The City Defendants contend that they are entitled to summary judgment on Plaintiff's claim for excessive force on the basis of qualified immunity. Specifically, the City argues that Defendant Police Officers' use of deadly force against Plaintiff was objectively reasonable because they perceived the imminent use of deadly physical force by Plaintiff against them.
Discussion
"The Fourth Amendment prohibits the use of unreasonable and therefore excessive force by a police officer in the course of effecting an arrest" (Tracy v Freshwater, 623 F3d 90, 96 [2d Cir 2010]). "[A]n officer's decision to use deadly force is objectively reasonable only if 'the officer has probable cause to believe that the suspect poses a significant threat of death or serious physical injury to the officer or others'" (Cowan v Breen, 352 F3d 756, 762 [2d Cir 2003]). For purposes of either Fourth Amendment liability or qualified immunity, the objective reasonableness inquiry for officers using deadly force "depends only upon the officer's knowledge of circumstances immediately prior to and at the moment that he made the split-second decision to employ deadly force"(Id.).
Based on the City's account of events, where Plaintiff discharged the gun into the crowd and thereafter directed the gun at the police officers, the decision to shoot Plaintiff would be objectively reasonable.

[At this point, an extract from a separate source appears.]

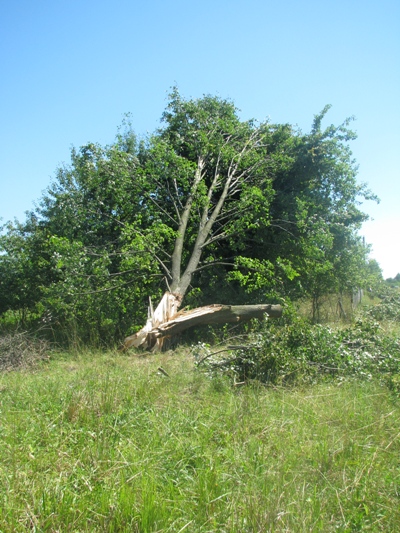 Навальніца са шквалістым ветрам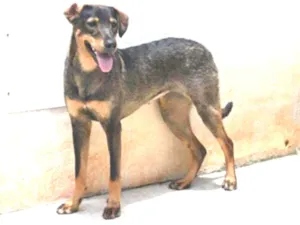 Cachorro raça Vira lata  idade 1 ano nome Mary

However, there are issues of fact as to whether Plaintiff shot a round into the crowd and whether he aimed his gun toward the officers. According to Plaintiff, after obtaining the gun, he was standing at the comer of the intersection when, suddenly, shots started firing rapidly around him. Plaintiff testified that he never saw a police officer before hearing shots fired and that nobody identified himself as a police officer or told him to drop his weapon. In addition, Plaintiff testified that the two police officers pursuing him in the NYPD vehicle fired at him after he had dropped his gun and assumed the "surrendering" position. Thus, viewing the facts in the light most favorable to Plaintiff, it cannot be said, as a matter of law, that the Defendant Police Officers' use of deadly force against Plaintiff was objectively reasonable (see Taylor v Nassau County 2012 US Dist LEXIS 159106, 11-CV-0934 (SJF)(GRB), *23-24 [2012]; Carvajal v Mihalek, 2009 US Dist LEXIS 115279 , 07 Civ. 0170 (PAC), *15-16 [2009]; Getlin v Zoll, 707 F Supp 2d 369, 378 [2010]).

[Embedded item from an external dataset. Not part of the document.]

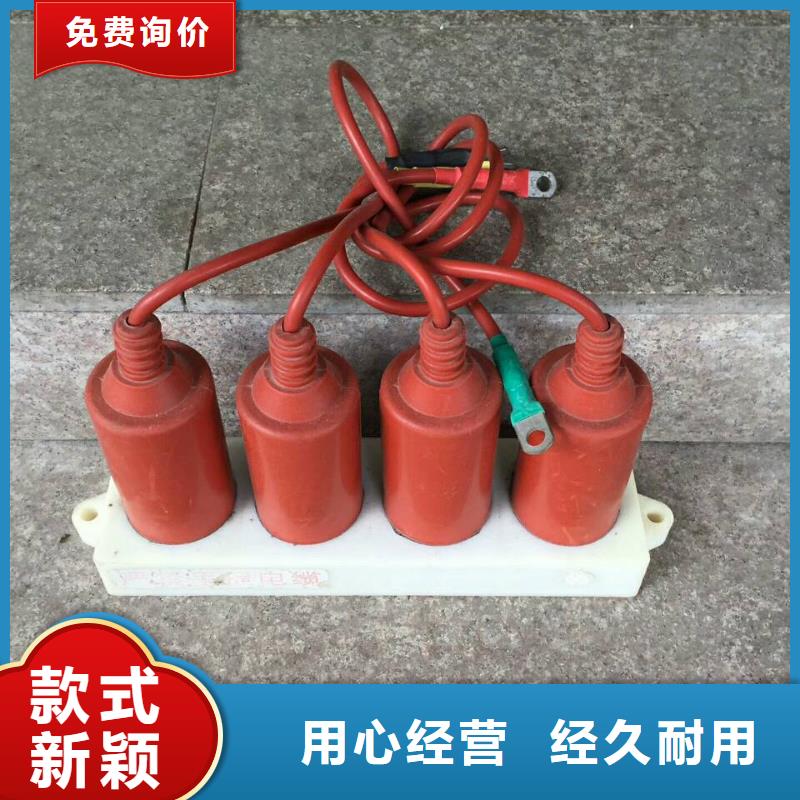 复合绝缘子视频-临澧|武陵|株洲|娄底|郴州|益阳复合绝缘子主推产品-羿振电气(常德市分公司)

Having determined that, assuming the truth of Plaintiff's allegations, a jury could find in Plaintiff's favor on the question of excessive force, the Court turns to the issue of whether the Defendant Police Offices are entitled to qualified immunity. "The doctrine of qualified immunity shields police officers acting in their official capacity from suits for damages under 42 USC § 1983, unless their actions violate clearly-established rights of which an objectively reasonable official would have known" (Thomas v Roach, 165 F3d 137, 142 [2d Cir 1999]). "Summary judgment on qualified immunity grounds is not appropriate when there are facts in dispute that are material to a determination of reasonableness" (Id. at 143). As set forth above, given the sharply disputed versions of events, summary judgment based on the ground of qualified immunity must be DENIED (see Getlin v Zoll, supra; Seguinot v Dzenan, 2013 US Dist LEXIS 45133, 6:10-CV-1387, *22-23 [NDNY 2013]).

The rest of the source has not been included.